These are the key concepts you need to understand to accurately answer the question.

Complementary Events
In probability theory, complementary events refer to pairs of dichotomous outcomes where the occurrence of one event implies the non-occurrence of the other and vice versa. For example, if you flip a coin, the result could either be heads or tails; these are complementary events. If one happens, the other can't.

When dealing with complementary events, it might be easier to calculate the probability of an event by using its complement. Because the sum of probabilities for all possible outcomes equals 1, the probability of an event happening is 1 minus the probability of it not happening.

In the given problem, we calculated the probability of the complementary event, which is when outcomes 1 and 2 do not occur at least once. This involves calculating each of the individual probabilities of not having 1 or not having 2, and subtracting the overlap (probability of neither 1 nor 2).

This approach simplifies calculations and avoids the direct computation of increasingly complex scenarios, especially when independent trials are involved.
Independent Trials
Independent trials represent situations where the outcome of one trial doesn't affect the outcome of another. Each trial is like hitting reset; no matter what happened before, the odds remain the same for each new attempt.

In this problem, the assumption is that each trial, which can result in outcome 0, 1, or 2, is independent. This independence allows us to multiply probabilities when calculating the likelihood of events over multiple trials.
  • To find the probability of a specific sequence of outcomes, multiply their individual probabilities.
  • In series of trials, if the probability for one outcome stays constant, it's an indication of independence.
This concept plays a crucial role in computing probabilities across many scenarios, ensuring that cumulative calculations account for repeated, unchanged conditions.
Conditional Probability
Conditional probability is used to find the likelihood of an event occurring, given that another event has already happened. It's how probability adapts when we're informed by additional data.
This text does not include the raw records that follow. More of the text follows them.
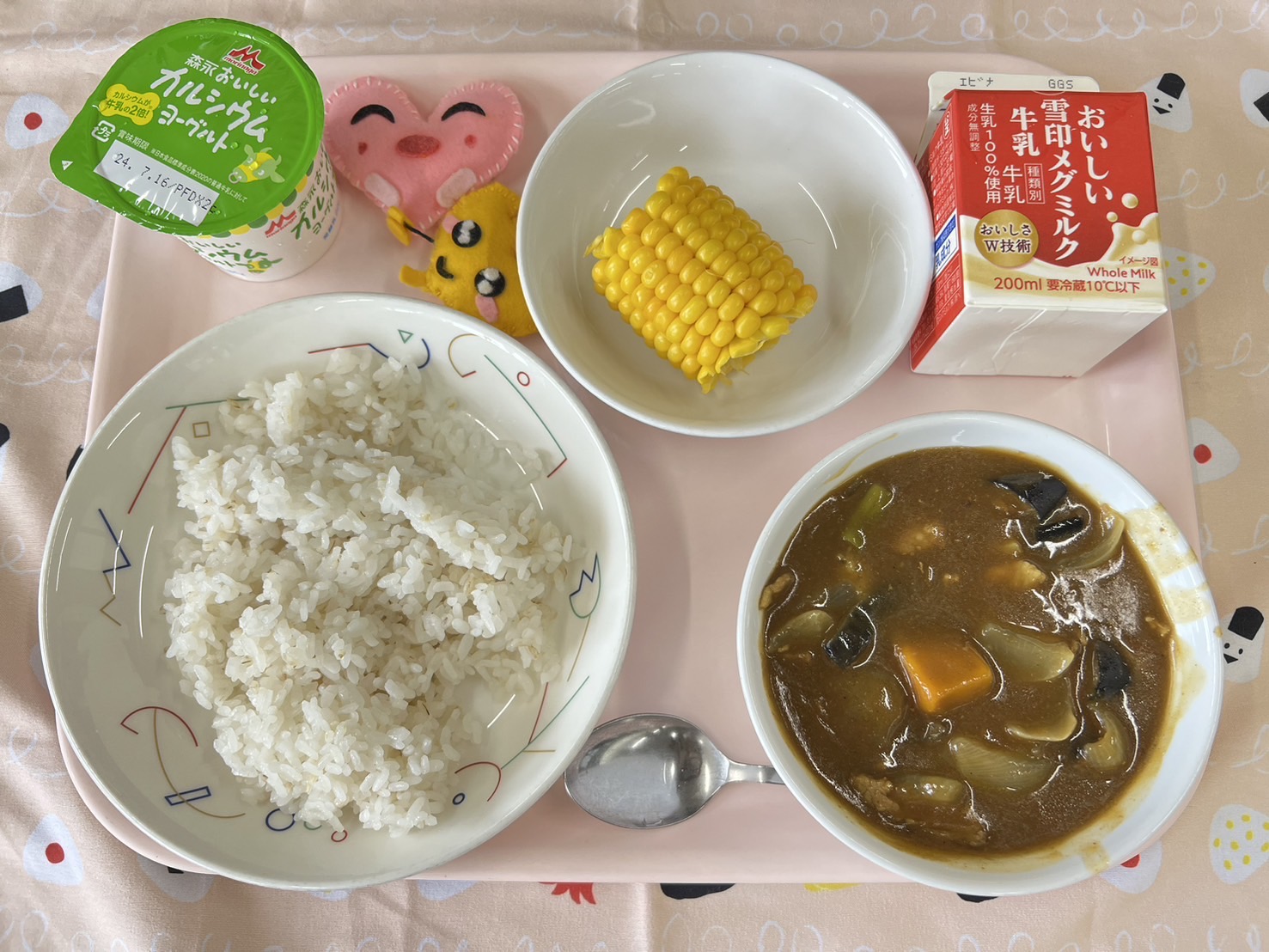 ピンクのトレーに給食が右上から反時計回りで牛乳、とうもろこし、ハートの形をした黄色とピンク色の布製マスコット、ヨーグルト、ごはん、夏野菜のカレーと並べられている写真
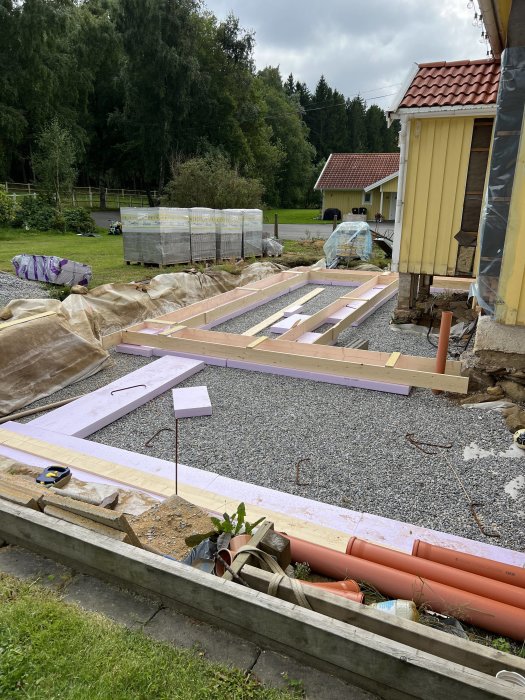 Grundarbeten för byggnation, träkonstruktioner, isoleringsmaterial, grus, husdel, byggmaterial, grönska, molnig himmel.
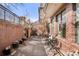 Charming outdoor patio area with brick accents and comfortable seating at 1674 Fillmore St # Al3, Denver, CO 80206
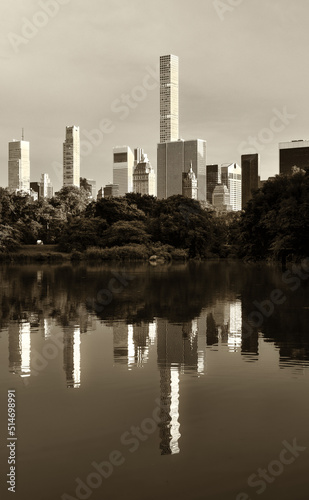 Iconic New York skyscrapers reflected in Central Park s lake in Black and White. 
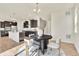 Open concept kitchen with a center island and dark cabinets adjoins a dining area with modern decor at 9002 Birch Run Dr, Parker, CO 80134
Mathematically, conditional probability, where we want to find the probability of event A given event B has occurred, is usually written as:\[ P(A|B) = \frac{P(A \cap B)}{P(B)} \]
In our exercise, conditional probability isn't directly applied, but understanding it helps assimilate complementary events. It provides insight into how probabilities adjust when certain conditions are established. Though our problem is solved by complementarity and independence, knowing when events aren't independent would lead us to use this concept, changing how we calculate related probabilities. Understanding these foundational tools can expand your reasoning in probability and enhance problem-solving skills efficiently.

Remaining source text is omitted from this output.